Depuis 2004, le ministère des Transports du Québec (MTQ) a versé près de 60 millions à des entreprises du domaine de la construction dans le cadre d'ententes et de règlements à l'amiable à la suite de réclamations pour des dépassements de coûts, a appris La Presse. Mais Québec garde secret le total des «extras» réclamés depuis 2005 par chacune des plus grandes firmes de construction et de génie-conseil.

Selon les documents fournis par le MTQ en vertu de la Loi sur l'accès à l'information, c'est la firme Neilson inc., de la famille Fava, qui a empoché la plus importante somme à titre de réclamation, soit 6,5 millions de dollars. Franco Fava, connu pour ses activités de bailleur de fonds du Parti libéral du Québec, a été longtemps administrateur de Neilson.

Il s'agit du total de deux règlements enregistrés pour les années financières 2009-2010 et 2010-2011. Parmi les cinq entreprises en tête de la liste des réclamations, derrière Neilson, figurent d'autres acteurs importants de l'industrie.

C'est la firme de génie-conseil Aecon qui remporte la palme du plus important règlement à l'amiable (4,5 millions - contrat de 2002 sur la route 132, secteur de Candiac) sur un total de 5,2 millions. Suivent Les Grands Travaux Soter ainsi que EBC, entrepreneur général du CHUM et partenaire de Neilson sur le chantier de La Romaine.

Construction Demix, spécialisée dans les routes en béton, est en cinquième place.

À elles seules, 10 firmes ont récolté 60% des sommes versées par Québec.
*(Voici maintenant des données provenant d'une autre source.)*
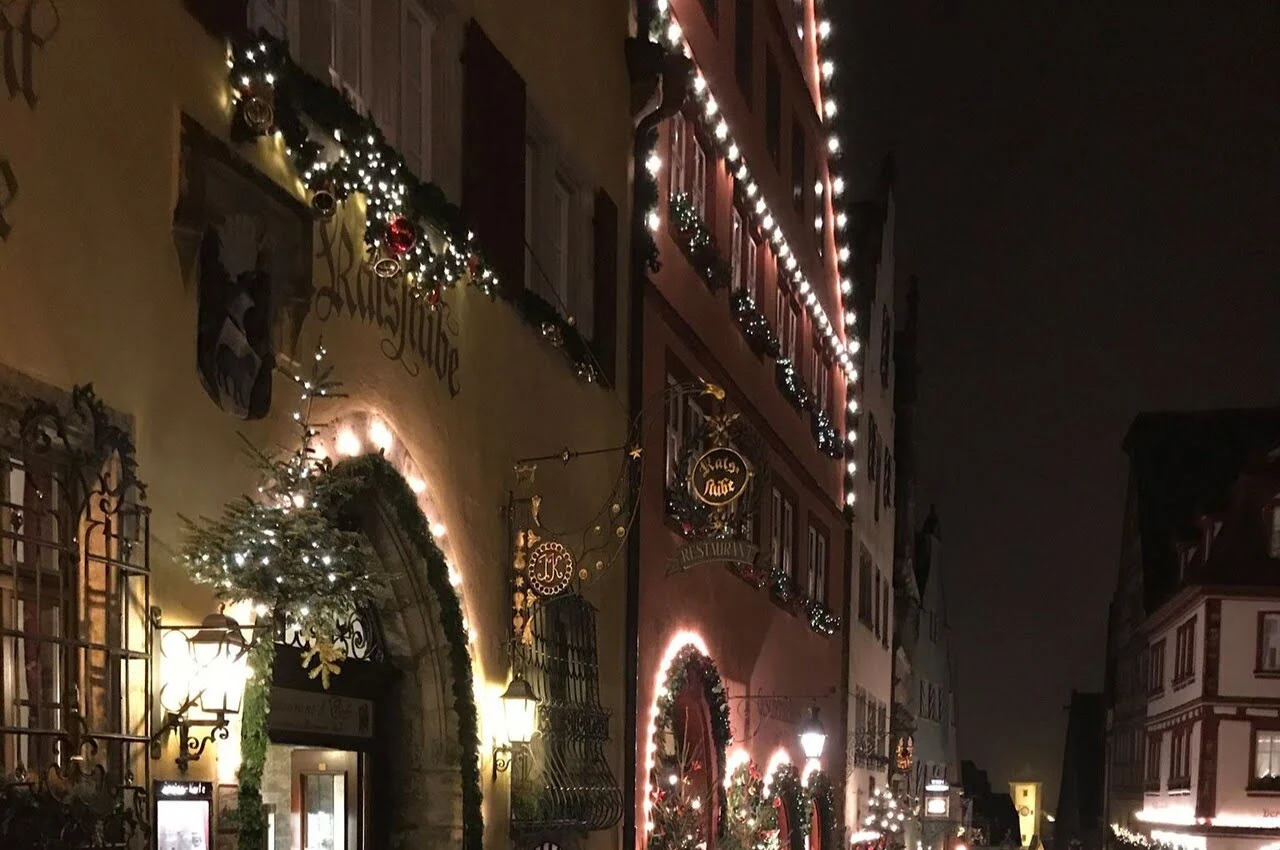Building of the Schnitzel Fritz restaurant.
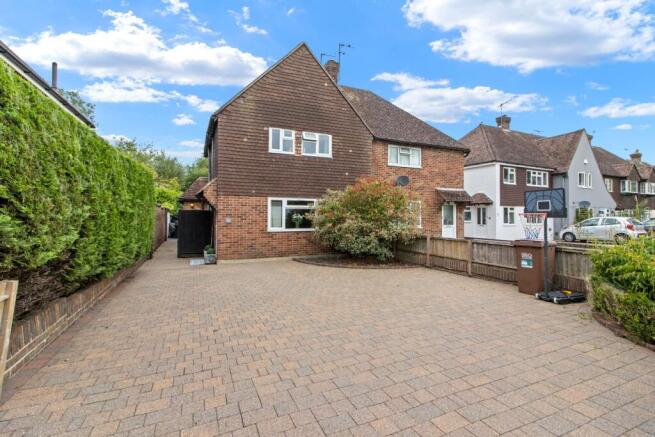 3 bed property, in 33, £380,000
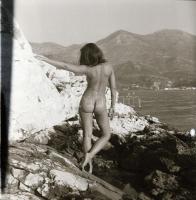 cca 1970 Pucér nők tétele, 13 db szolidan erotikus felvétel negatívja, 6x6 cm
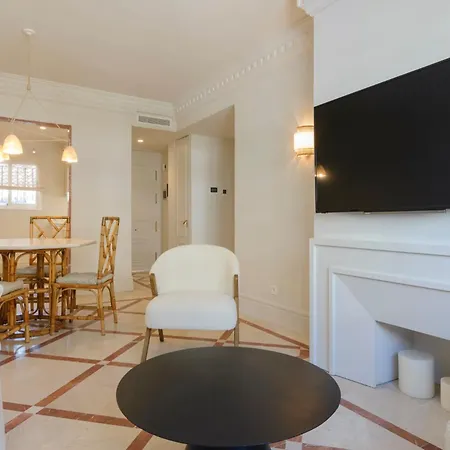 Stylish Refurbished Puerto Banus Area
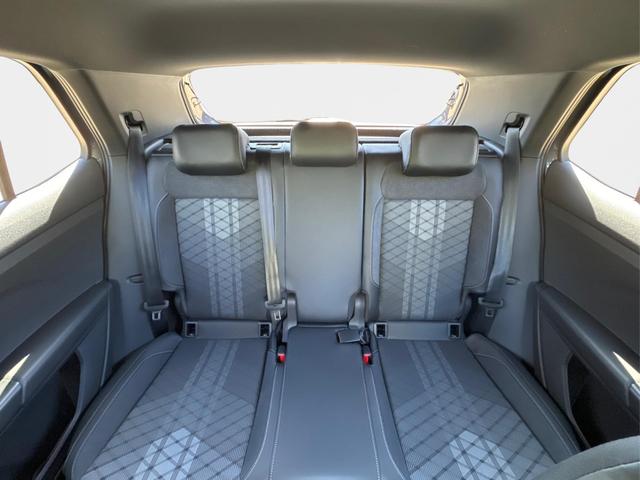 Volkswagen / T-Cross / / / / NAVI+SHZ+MATRIX+ACC+KAMERA+18'' ALU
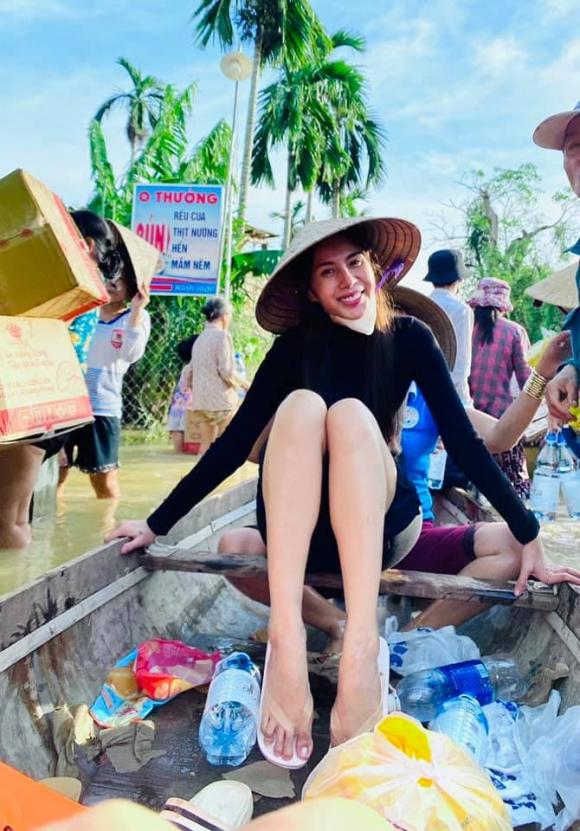 Thủy Tiên, con gái Thủy Tiên, Thủy Tiên làm từ thiện 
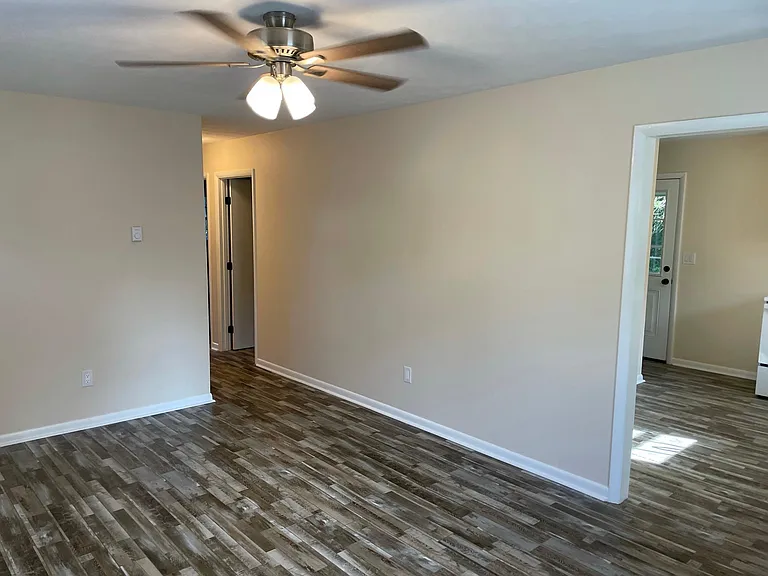 1712 Pierce St — Photo 13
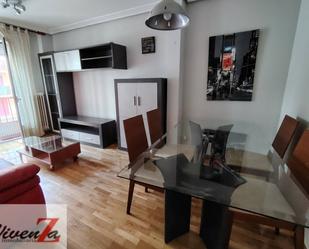 Sala d'estar de Pis en venda en Zamora Capital  amb Calefacció, Parquet i Moblat
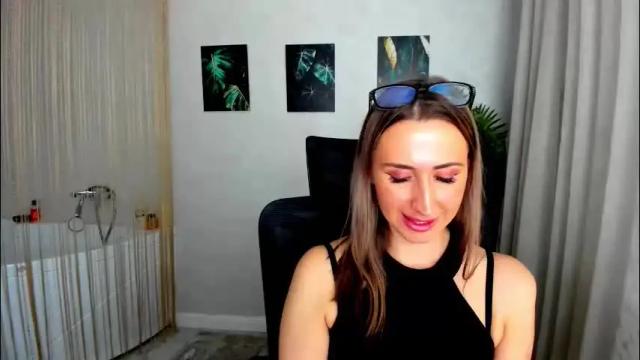 Image 10 of goldenlighte Stream on Chaturbate on 1 month ago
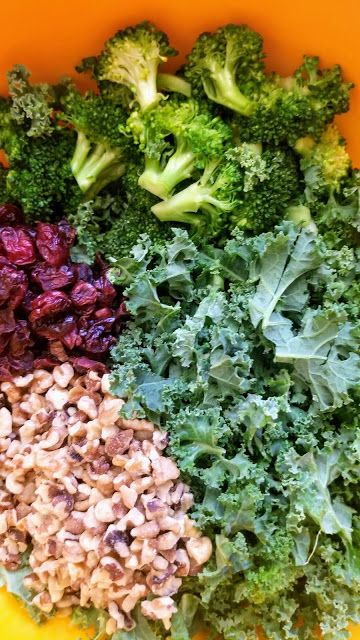 Kale Broccoli Salad, Broccoli Kale Salad, Kale Power Salad, Food Recipes Easy, Power Salad, Kale Salad Recipes, Running Mom, Ham Salad, Post Op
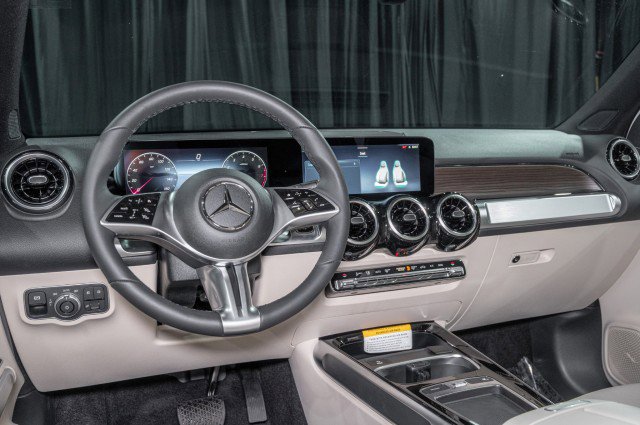 Certified 2026 Mercedes-Benz GLB 250 image 17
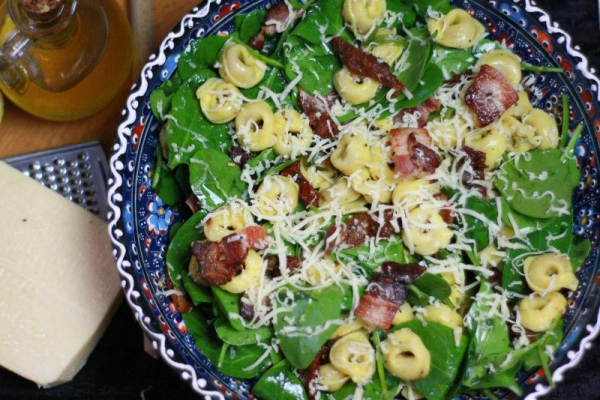 Sałatka tortellini ze szpinakiem i bekonem – przepis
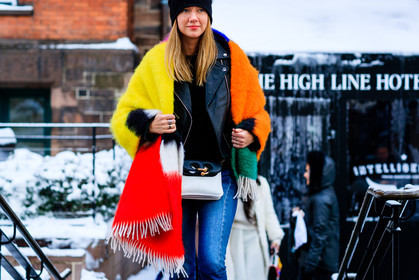 atmosphere details, AUTUMN WINTER 2017-2018, AW 17-18, black and white bag, black beanie, black jacket, black perfecto, blue denim, denim pants, detail, FALL WINTER 2017-2018, fashion week, frenchystyle, FW, FW 17-18, graphic bag, horizontal, jeans, jonathan paciullo, jw anderson, leather bag, leather jacket, leather perfecto, lisa aiken, loewe, NEW YORK, NYFW, scarf, street style, trousers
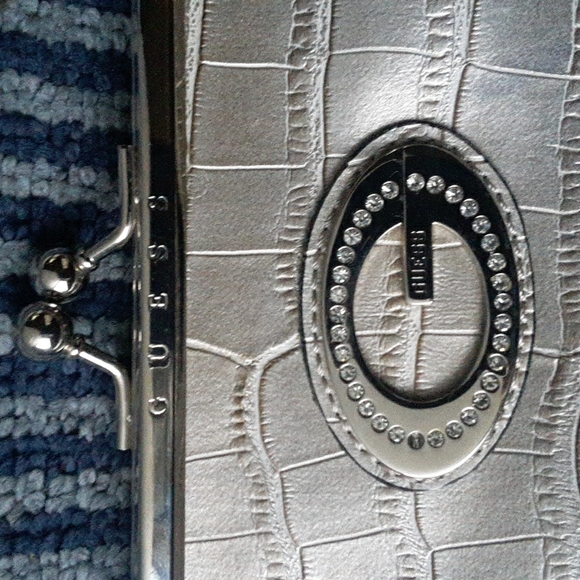 GUESS Croc-Embossed Patent Leather Purse/Handbag with Guess Signature Monogram - Picture 12 of 13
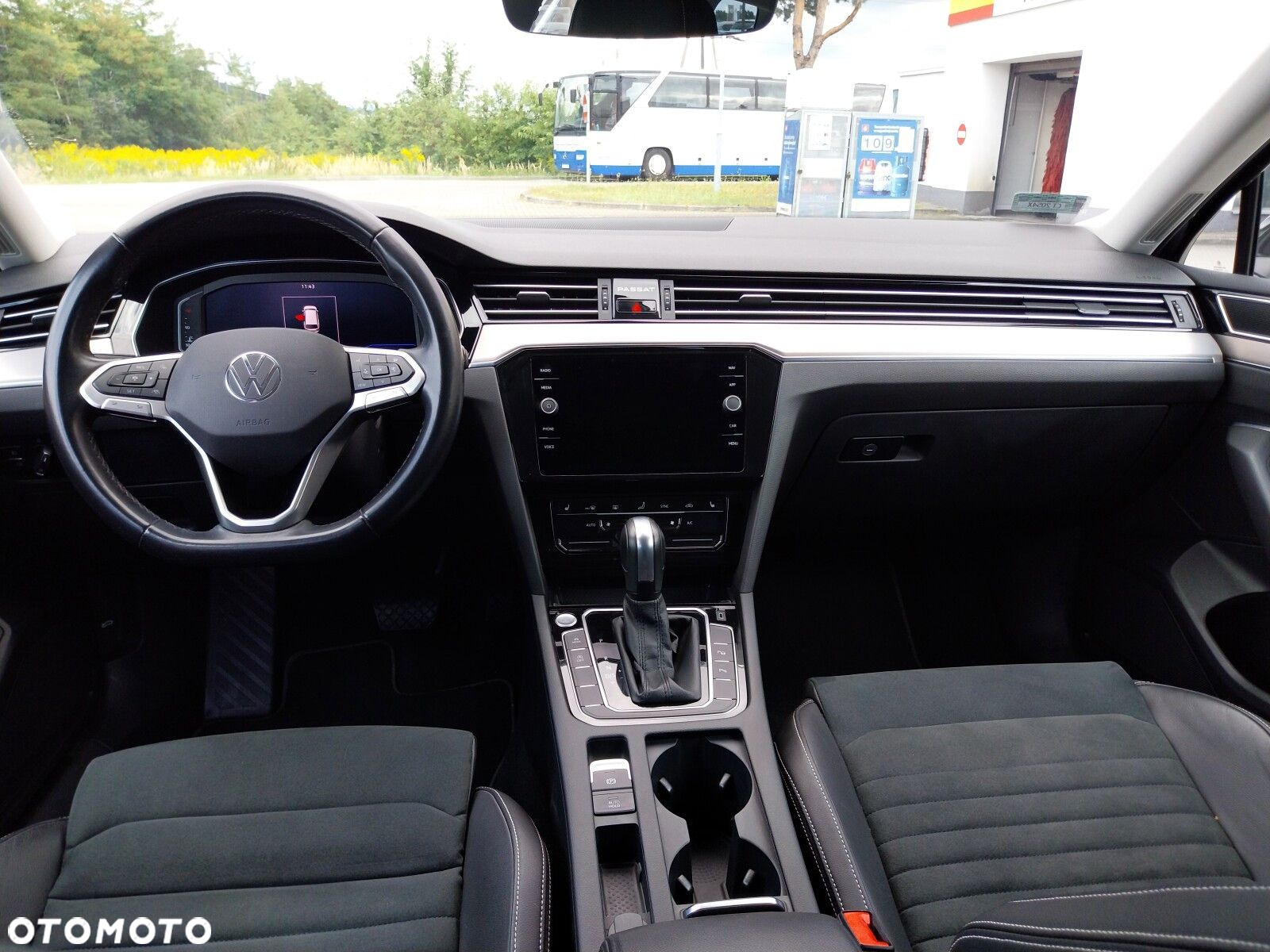 Volkswagen Passat 2.0 TDI Elegance DSG - 8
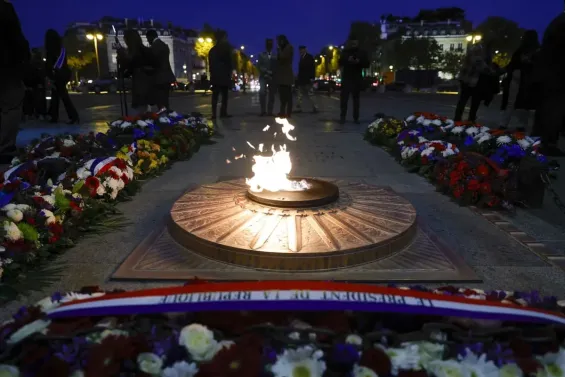 Moroccan arrested in Paris for lighting cigarette with flame from Tomb of the Unknown Soldier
Ces sommes ne correspondent pas au total réclamé par les firmes à titre de dépassements de coûts par rapport à la valeur originale du contrat qui leur a été accordé, confirme Guillaume Durivage, de Transports Québec. Il s'agit plutôt, dans la presque totalité des cas, du fruit d'une entente après étude de la réclamation par une unité spécialisée indépendante du Ministère. Pour le reste, il s'agit d'un règlement à l'amiable survenu après qu'une des parties insatisfaites de l'offre de règlement se fut adressée aux tribunaux.

«En moyenne, chaque année, le Ministère reçoit 43 réclamations et règle pour 6,7 millions depuis 2001», précise M. Durivage.

Dans son rapport rendu public le mois dernier, Jacques Duchesneau révèle qu'«un contrat de 500 millions de dollars génère des réclamations d'une valeur de 15 millions de dollars et le Ministère offre environ 5 millions en règlement, soit le tiers de la réclamation originale». Et il ajoute: «Plusieurs de ces réclamations ont été effectuées par des habitués, comme pour se reprendre après des soumissions trop basses.»

Chasse à l'extra

La Presse a voulu obtenir la liste nominative des firmes de génie et de construction ayant soumis des réclamations depuis 2005 ainsi que les sommes en jeu, mais Transports Québec a opposé une fin de non-recevoir au prétexte que cela «nuirait aux activités du Ministère». Les Transports accordent annuellement, depuis trois ans, près de 4 milliards de dollars en contrats d'infrastructures.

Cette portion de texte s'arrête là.